Peptidome bioinformatic analysis

The visualization and statistical analyses of the LC-MS data were conducted using the web-based bioinformatics tool “MetaboAnalyst” version 6.027. This included orthogonal partial least squares discriminant analysis (orthogonal PLS-DA) modeling, as well as differential analysis methods such as volcano plot and heatmap visualization. A significance threshold of p-value < 0.05 was applied. Potential functional interaction networks between identified proteins and small compounds were analyzed using the STITCH database version 5.028.

Results

Serum peptide mass fingerprint among Hepatozoon canis infected dogs and healthy dogs

Fifteen serum samples from the H. canis-infected group and twenty from healthy control dogs were subjected to peptide profiling using MALDI-TOF MS. The results revealed a significant difference in peptide mass fingerprints between the infected and control groups (Fig. 2A). Peptide mass fingerprint analysis indicated that the H. canis-infected group tended to display peptide distribution predominantly in the m/z range of 1,000 to 3,500 Da, whereas the control group showed peptide aggregation primarily between m/z 3,500 to 6,000 Da. The serum peptide profiles were then subjected to statistical evaluation using Orthogonal Partial Least Squares Discriminant Analysis (OPLS-DA). The OPLS-DA model demonstrated clear separation between the infected and control groups, suggesting the presence of distinct peptide candidates differentiating the two conditions (Fig. 2B). Peptide mass fingerprinting and Orthogonal PLS-DA analysis from MALDI-TOF MS revealed distinct peptide patterns capable of differentiating between the H. canis-infected and control groups. A volcano plot was generated to highlight the most promising peptide masses between the two groups, identifying candidates with a p-value < 0.05 and a fold change > 2.0 (Fig. 2C). Additionally, variable importance in projection (VIP) score analysis identified the top 40 candidate peptide masses with VIP scores exceeding 2.0, as illustrated in Fig. 2D. Five significantly elevated peptides were observed in the H. canis-infected group at m/z values of 1423.79, 1495.25, 2837.65, 2874.76, and 2892.06. These peptides were identified as follows: AGTGEQGLLNAYCK (FERM domain-containing protein 8 or FRMD8), LLEFLSSFQKER (Calcium binding protein 39-like or CAB39L), NNAGFRVWVLFFLVMCSFSLLFLD (Syntaxin-18 or STX18), HEPLVLFCESCDTLTCRDCQLNAHK (Tripartite motif-containing 28 or TRIM28) and GEEATFQISGLQTNTDYRFRVCVCR (Fibronectin type III domain-containing 3B or FNDC3B). Further details regarding these peptides are provided in Table 1.

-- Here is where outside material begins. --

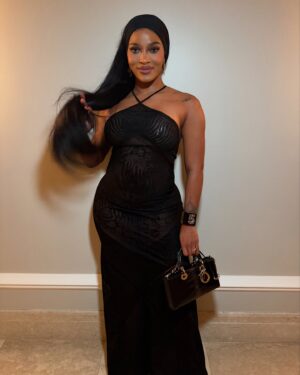 Joseline Hernandez Instagram - Getting a baby put in me this year going to be easy 🤭😅 With this sexy #cavalli Number 😜 
May you have lots of health,luck,money this year 💰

Therefore, the MALDI-TOF MS results demonstrated distinct peptide mass fingerprints (PMFs) specific to the H. canis-infected group and identified significantly different peptide masses between the two groups. Subsequently, LC-MS/MS was employed to identify and characterize the serum peptide biomarkers in greater detail.

Fig. 2
figure 2

The serum peptidome data obtained from MALDI-TOF MS were used to screen peptide profiles and generate peptide mass fingerprints (PMFs) (A). The average mass spectra ranged from m/z 1,000 to 6,000. The upper panel displays spectra from Hepatozoon canis-infected dogs, while the lower panel represents healthy controls. The accompanying color scale indicates peptide concentration levels, with red representing higher and blue representing lower abundance (B). The Orthogonal Partial Least Squares Discriminant Analysis (OPLS-DA) demonstrated clear separation between the infected and control groups (C). The volcano plot analysis revealed peptide masses with statistically significant differences (p < 0.05) and fold changes greater than 2.0 between the two groups (D). The Variable Importance in Projection (VIP) score analysis identified the top 40 candidate peptides, each with a VIP score exceeding 2.0, indicating their strong contribution to group differentiation based on MALDI-TOF MS data.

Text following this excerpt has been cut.